The MD11C was fitted with a bunch of different alts over the years some Bosch, some Valeo and some Delco. The most common ones I see on the MD11 today are Delco's.
Keep in mind that you will be cycling in the most charge inefficient
SOC range of your bank. As such the bulk stage, alternator at full bore, will be very short. The bank will come up to target voltage quite quickly and then become "voltage limited".
From the point the bank meets target limiting voltage it is the battery that dictates the speed of charging. Only raising the voltage limit, eg; going from 14.2V to 14.8V, can change the amount of current
that can flow into the battery at a specific SOC. Once voltage limited you are at the mercy of the batteries charge acceptance rate.
It will still take many, many, many hours of absorption charging to get to 100% SOC, so unless you are running the engine for 4 - 7+ hours you will still be technically
under charging the bank by relying on an alternator.
If you are only going 5-7 days between a "re-supply
", which I am assuming
is a 100% SOC dock
side charge, then you are likely chasing your tail on this one and throwing money
at an issue that really is not much of one, which can be drastically improved upon.
This is where a well sized solar system comes in very handy, in providing a finish charge. Let the alt do bulk and early absorption and solar do the rest. This combo (or a generator for bulk & early absorption) will net you as close to 100% SOC each day as your going to get.
Your described usage does not necessarily warrant an external regulator, unless you need to boost the voltage to 14.8V or so for your particular batteries. If this is the case, and you need to boost to 14.8V, and your alt run times are generally under 4 hours, a replacement $13.00 internal Delco regulator would be a better deal than a $450.00 Sterling A2B especially when you may be able to attain 100% SOC every 5-7 days..
Delco internal regulators come in many different voltage limits some as high as 15V and some as low as 13.8V, and everywhere in-between. Without knowing your regulators voltage limiting set point it is really hard to say if spending the money on the Sterling A2B is going to be an improvement or not. When shallow cycling in a low Coulombic efficiency range it is not necessarily the amperage of the alternator but the voltage limit that really matters, as you will be voltage limited most of the time....

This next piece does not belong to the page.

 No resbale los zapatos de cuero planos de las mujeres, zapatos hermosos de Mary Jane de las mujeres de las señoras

Sure the Sterling can boost
voltage to the bank, but can only do what I call a quasi-float. If your internal reg is set to say 14.8V to 15.0V, as many Delco's are, then the Sterling A2B can only drop the voltage by about .2V - .5V +/- across the device during float (passes through internal diodes). The A2B works best with a stock reg set to 13.8V to 14.0V. Again knowing your alts voltage limit would tell us a lot more.

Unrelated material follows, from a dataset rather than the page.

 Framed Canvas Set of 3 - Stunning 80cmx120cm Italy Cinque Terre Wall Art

The least expensive option, for performance external regulation, is to simply open up the Delco, bypass the reg, and tap into the the alts field brush. Most any good alt shop would charge about $30.00 - $50.00 to do that on a Delco. You will then be able to use a Balmar or other external regulator to control the alternator and you can save in excess of $100.00, and get true field control through external regulation.
As for poor experiences with solar, something was likely under sized or the settings or controller were not optimal for the bank or optimally programmed. A 50W panel is not really a suitable size for a cruising boat other than for a mooring
recharging or if you are very, very light on DC loads.. For solar to work optimally you need to have enough current to overcome daily loads, during sun up hours, to even begin putting energy back into the bank. In other words if you are using 4A and the solar panel can only produce 2.2A then you are only slowing the discharging of the bank
by 2.2A. If you are consuming 4A and the solar is pumping out 6.5A now you are charging
Unless you are running an alt for upwards of 4-7 hours, or a Honda gen, it takes lots of time to fully charge lead acid batteries. Even with a Sterling A2B you are not going to see 100% SOC very often relying solely on an alternator or even a Honda gen.

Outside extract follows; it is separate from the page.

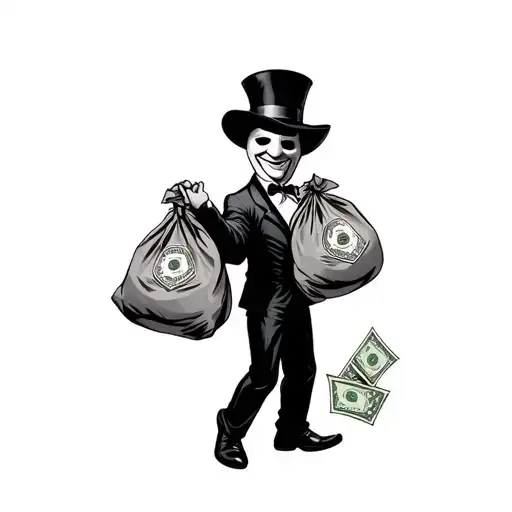 Monopoly Man Carrying Bags Of Money With Jason Mask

Anything below attaining 100% SOC, as regularly as is humanly possible, is where sulfation is not being reconverted. The longer the sulfate goes, before being reconverted, and we now have clusters and hard lead sulfate being formed and decaying Ah capacity.
Alternators are great for bulk and early absorption but on sailboats they are rarely run long enough to fully charge the bank regardless of the method of field control. What can help is fully charging the batts every 5-7 days, at their max allowable absorption voltage, and then hitting them for 30 minutes to hour or so with an equalizing voltage (as long as they can be EQ'd).